Because of the requirement for reliable write-ahead logging, database files and before-image and after-image logs must not be stored on remote file systems (such as NFS) mounted across networks. This is because writes to such file systems are not sufficiently reliable.

There are storage subsystems that provide enhanced performance through the use of a technique known as write caching. With write caching, a disk subsystem contains a memory buffer which is used to stoe data written to the disk by the operating system. Should a power failure occur, the conents of this memory buffer will be lost. If that happens to data that the Progress database manager believes has been recorded on the disk, crash recovery may not be possible.

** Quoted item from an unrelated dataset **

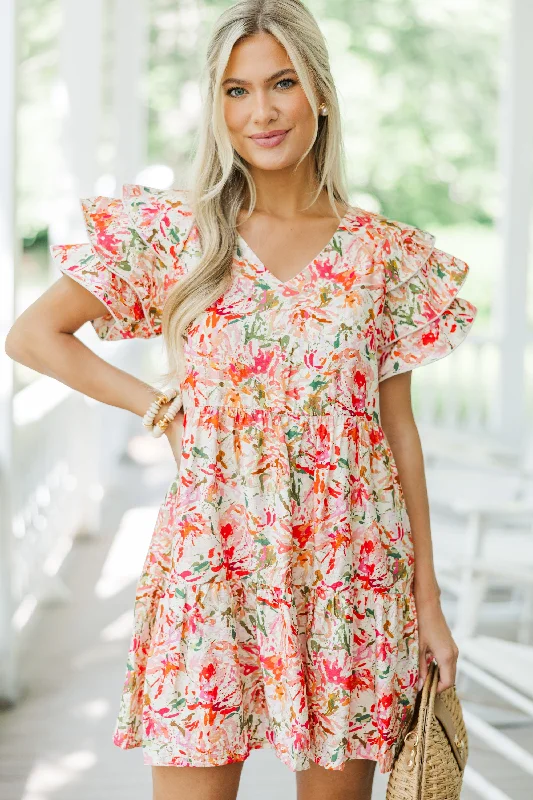 Women's floral dress cinched waist -New To You Coral Pink Ditsy Floral Babydoll Dress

4. Normal Transaction Processing

Forward processing

The normal activities performed by an application is while it is accessing and changing the database are called forward processing. Typically these activities include starting and committing transactions, finding and retrieving data, changing existing data, adding new and deleting old data. The changes made by an application are called logical changes. Some examples of them are

create a new record in the customer table

delete this record from the customer table

replace a record with a new one that has a changed primary key column value of "Kathryn"

Each logical change is performed by making changes to one or more database blocks. A change to an individual block is called a physical change and might be an operation like

in block 409824 starting 354 bytes from the beginning, replace 8 bytes with "!@#$%^&*"

During forward processing log records are generated to record each physical database change. The typical sequence of events is as follows:

  1. The database block that contains the data to be changed is located in the database buffer pool or read from disk if it is not already there.
  2. The buffer is locked in update (exclusive) mode to prevent another process from accessing or changing that block until the change is complete.
  3. An undo-redo log record describing the change to be made is created in memory.
  4. The log record is stored at the next available space in the current log buffer. If no space is available, the buffer is queued for writing by the bi writer and a free log buffer is made the current buffer. If there are no free log buffers, the oldest full buffer is written to disk.
  5. The change is made to the database block, using only the data in the log record and the data in the block.
  6. The buffer lock is released.

When a logical operation affects more than one block, the steps described above are performed on each affected block in turn. An undo-redo log record is generated for each block.

Transaction rollback

When an application decides to undo a transaction rather than commit it, transaction rollback is initiated. This occurs when the application executes an UNDO statement in the 4gl, an interactive user presses the "stop" key on the keyboard, a lock wait is canceled by an interactive user, or when a lock wait times out. The processing required to perform rollback is handled automatically without the need for any intervention by the application.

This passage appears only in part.